_Exercise brief_
Print word for word the first line of the listing below and every line after it, through the line with "2018 anthro anthrofied". Leave out the pictures and the rest.

_Dataset excerpt_
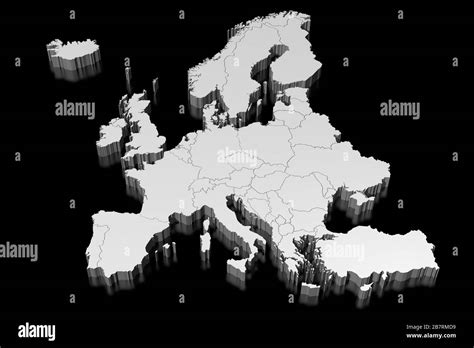 3D map - Europe Stock Photo - Alamy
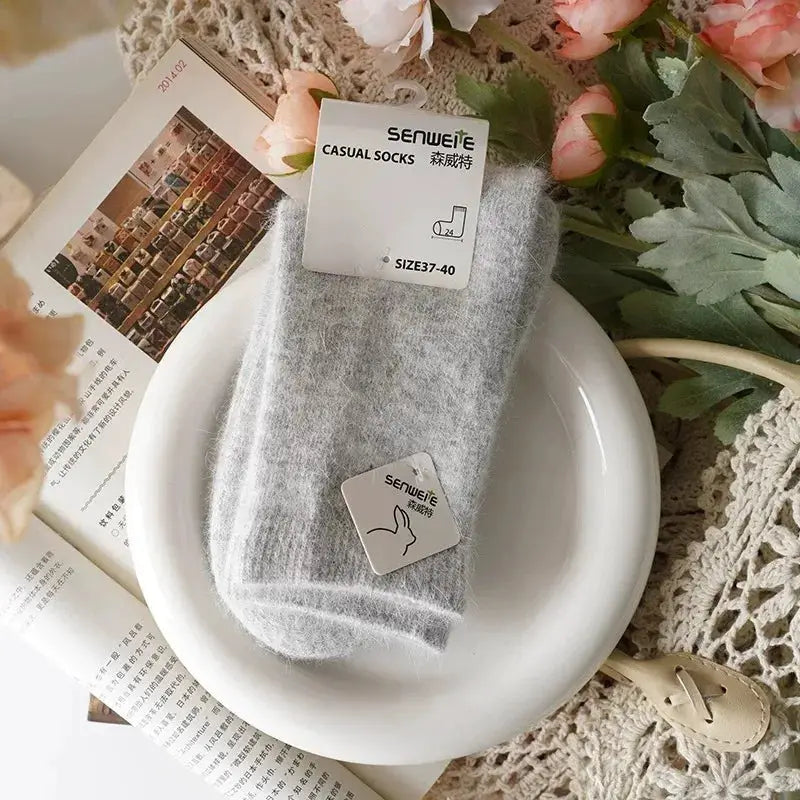 Womens Wool Socks Winter Thermal Tube Socks Thickened With Cashmere Rabbit Hair Black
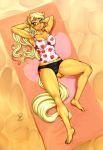  2018 anthro anthrofied applejack_(mlp) beach blonde_hair blush breasts cleavage clothed clothing cutie_mark earth_pony edit equine female freckles friendship_is_magic fur green_eyes hair hands_behind_head horse lying mammal my_little_pony on_back orange_fur pia-sama pony pose seaside solo swimsuit tankini towel 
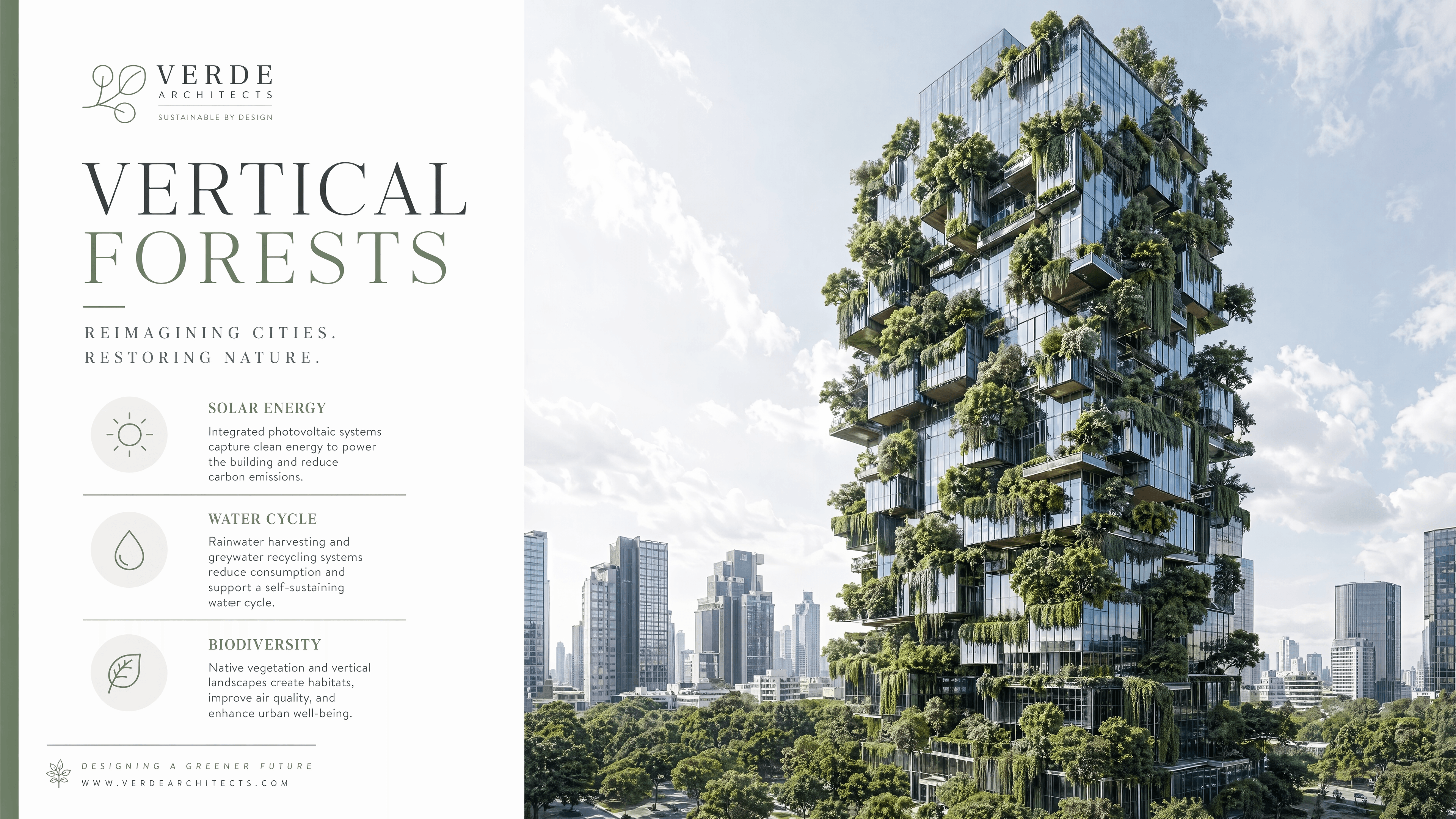 This video presents a bright, modern, and optimistic atmosphere, showcasing an innovative architectural concept. The setting is an urban environment, featuring a futuristic high-rise building completely covered in lush greenery, resembling a vertical forest. The visual style is realistic and highly detailed, emphasizing the integration of nature into modern design. The emotional tone is hopeful and progressive, highlighting solutions for sustainable living. The main subject is a large, glass-paneled building with numerous balconies and terraces overflowing with trees, shrubs, and hanging plants. Other elements include a city skyline in the background and informational text overlays detailing concepts like solar energy, water cycles, and biodiversity. The artistic style is photorealistic, with cool tones and a predominantly green and blue color palette, accented by the white and grey of the city.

_Your solution_
 3D map - Europe Stock Photo - Alamy
 Womens Wool Socks Winter Thermal Tube Socks Thickened With Cashmere Rabbit Hair Black
  2018 anthro anthrofied applejack_(mlp) beach blonde_hair blush breasts cleavage clothed clothing cutie_mark earth_pony edit equine female freckles friendship_is_magic fur green_eyes hair hands_behind_head horse lying mammal my_little_pony on_back orange_fur pia-sama pony pose seaside solo swimsuit tankini towel 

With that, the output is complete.